___ Given data
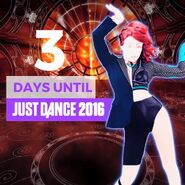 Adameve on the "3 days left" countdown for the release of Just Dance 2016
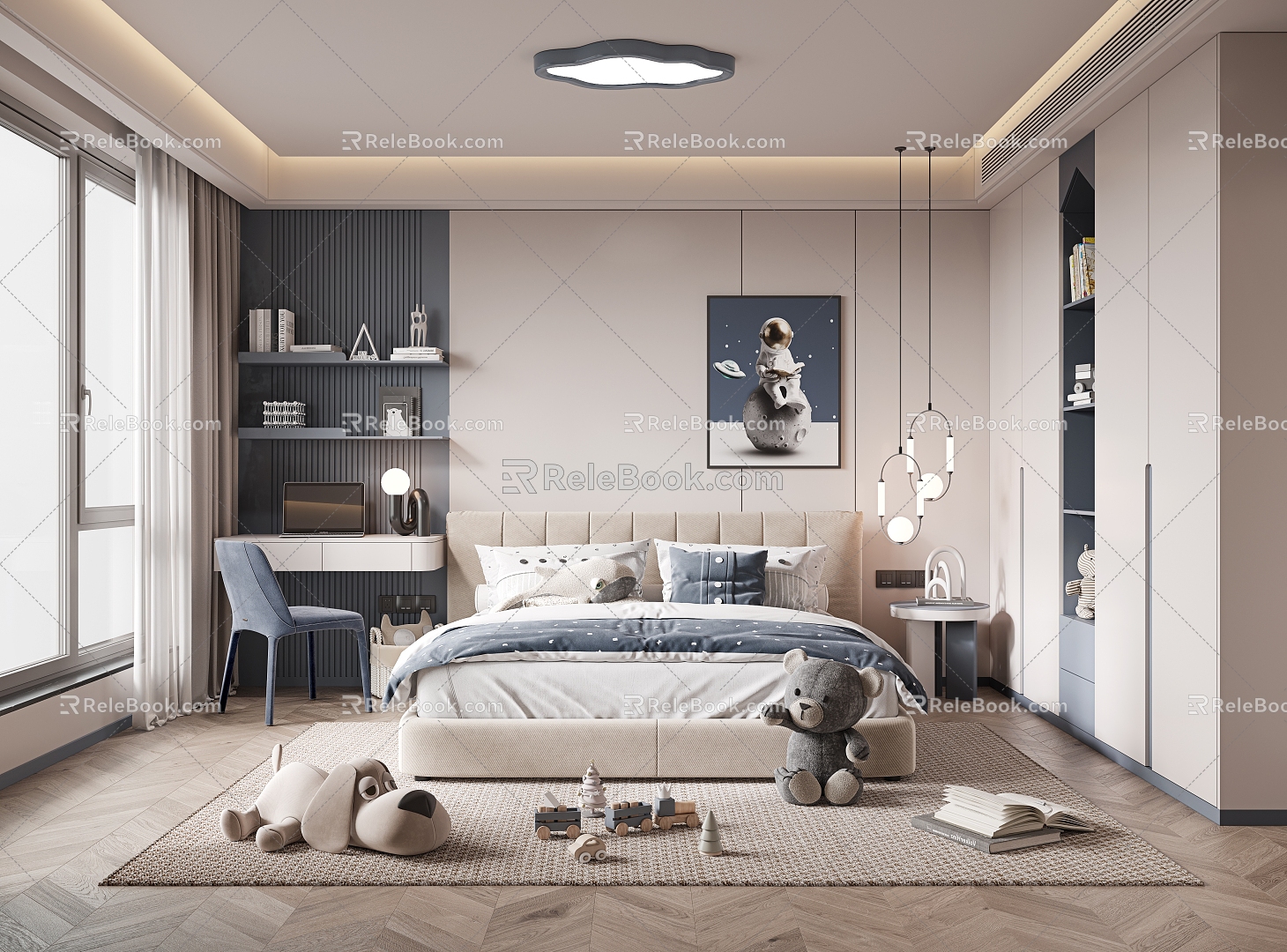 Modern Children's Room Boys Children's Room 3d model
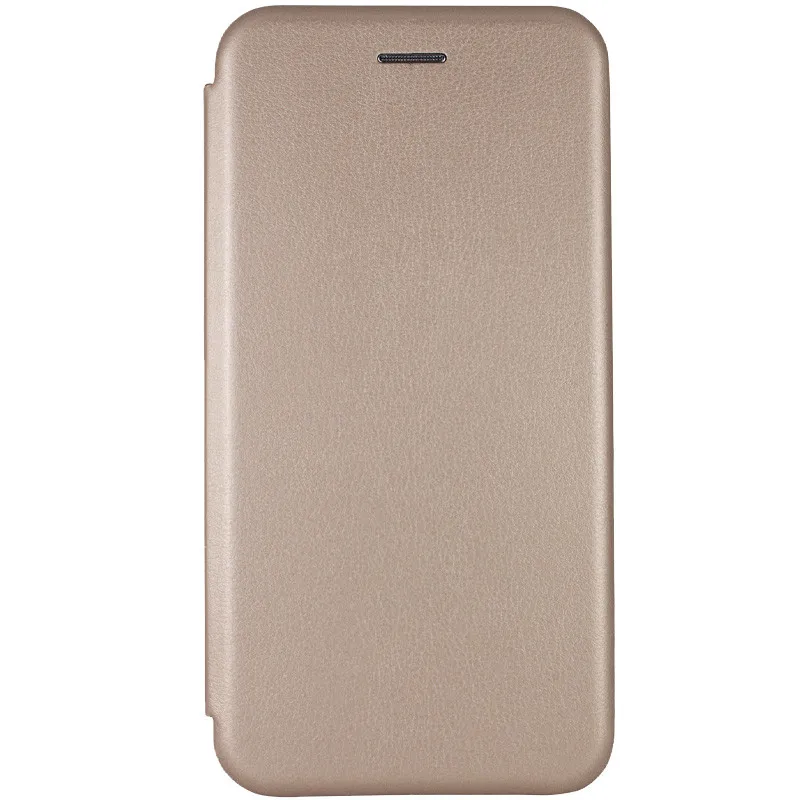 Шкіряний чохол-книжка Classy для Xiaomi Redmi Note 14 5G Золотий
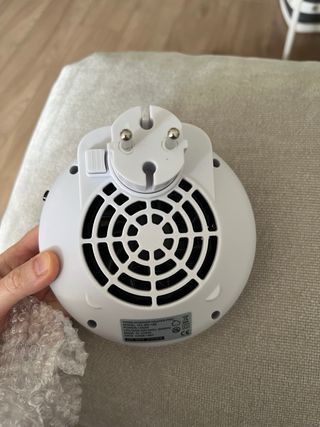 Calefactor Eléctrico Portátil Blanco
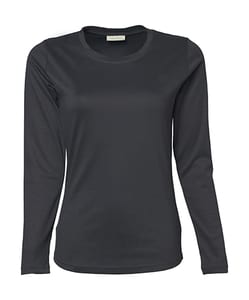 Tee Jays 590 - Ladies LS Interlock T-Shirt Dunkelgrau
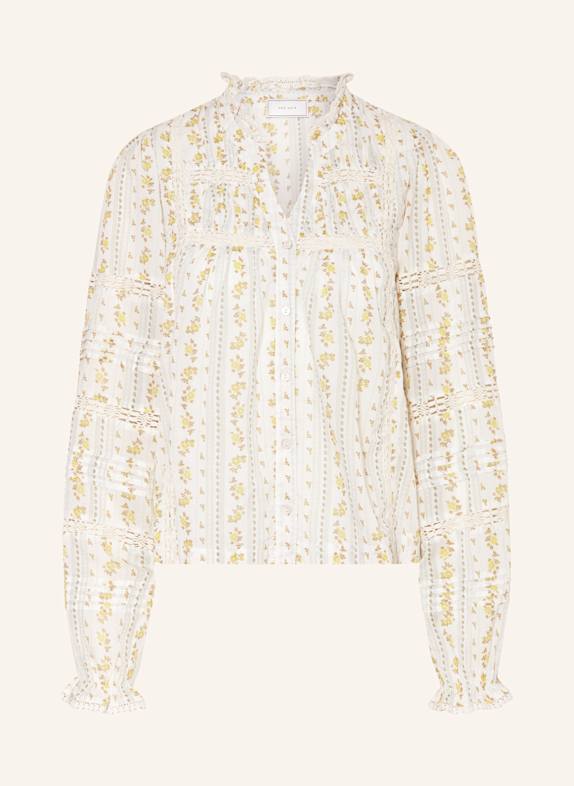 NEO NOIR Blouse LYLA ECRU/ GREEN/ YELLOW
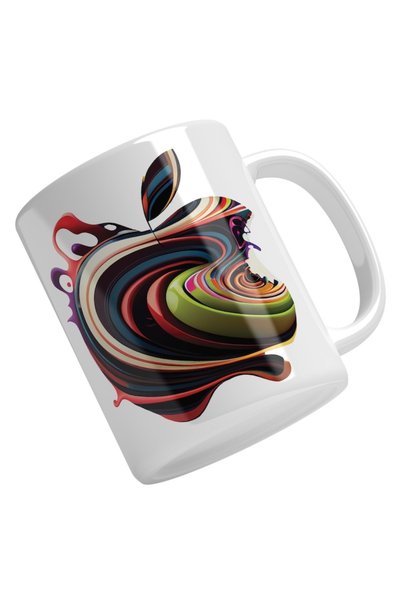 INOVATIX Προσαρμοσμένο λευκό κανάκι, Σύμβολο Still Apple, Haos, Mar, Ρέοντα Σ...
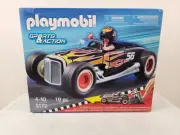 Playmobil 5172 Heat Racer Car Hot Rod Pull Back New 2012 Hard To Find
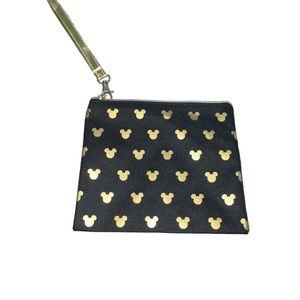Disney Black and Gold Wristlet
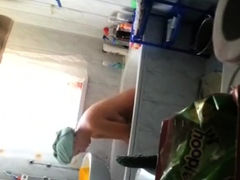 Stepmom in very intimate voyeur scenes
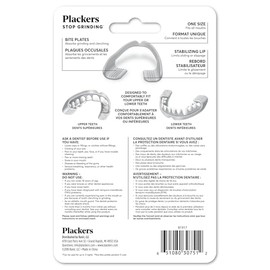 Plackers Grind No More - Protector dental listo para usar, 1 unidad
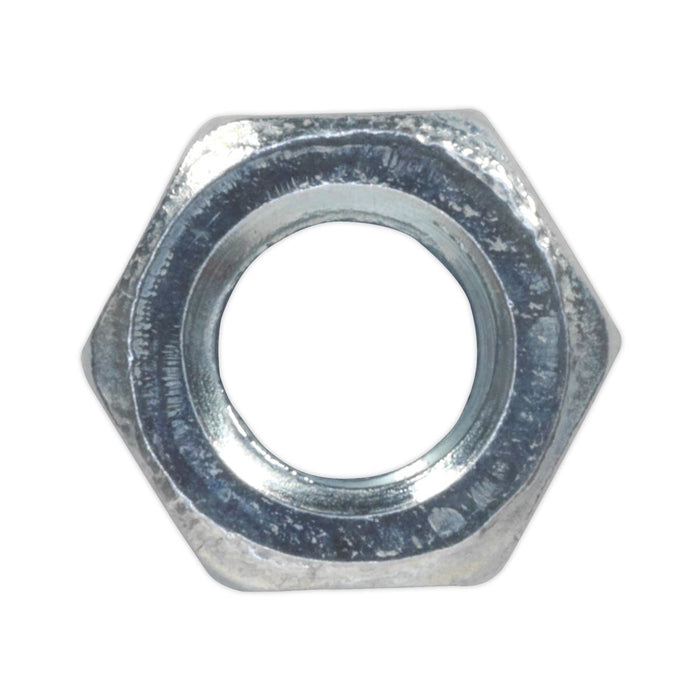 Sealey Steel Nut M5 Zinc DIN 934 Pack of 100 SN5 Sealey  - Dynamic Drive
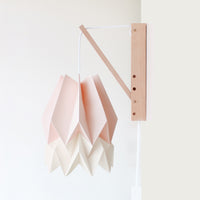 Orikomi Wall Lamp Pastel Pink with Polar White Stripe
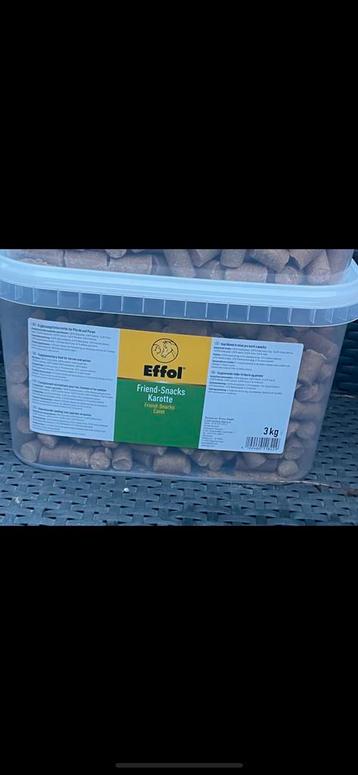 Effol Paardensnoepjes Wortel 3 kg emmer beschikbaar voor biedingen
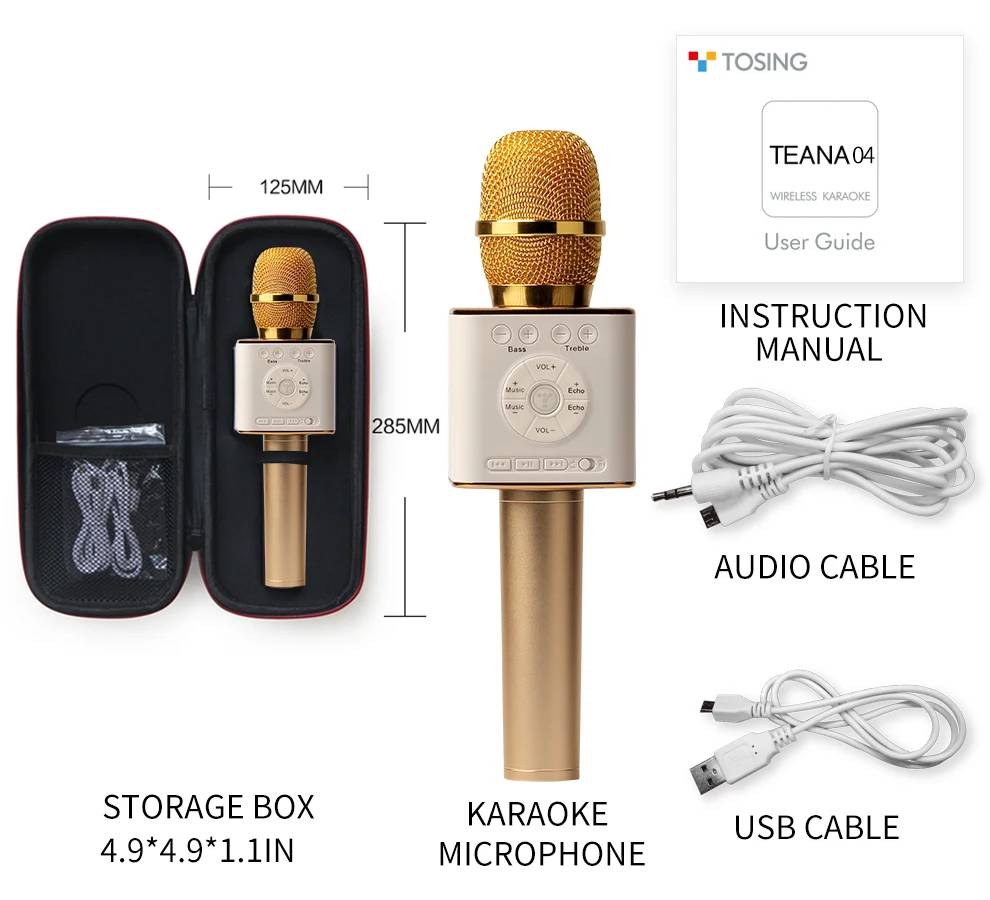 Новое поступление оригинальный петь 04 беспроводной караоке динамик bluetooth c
______
● **Problem**: From the line that contains "Orikomi Wall Lamp" through the last line of the entries, transcribe every line exactly, leaving out the pictures.

● **Response box**:
 Orikomi Wall Lamp Pastel Pink with Polar White Stripe
 Effol Paardensnoepjes Wortel 3 kg emmer beschikbaar voor biedingen
 Новое поступление оригинальный петь 04 беспроводной караоке динамик bluetooth c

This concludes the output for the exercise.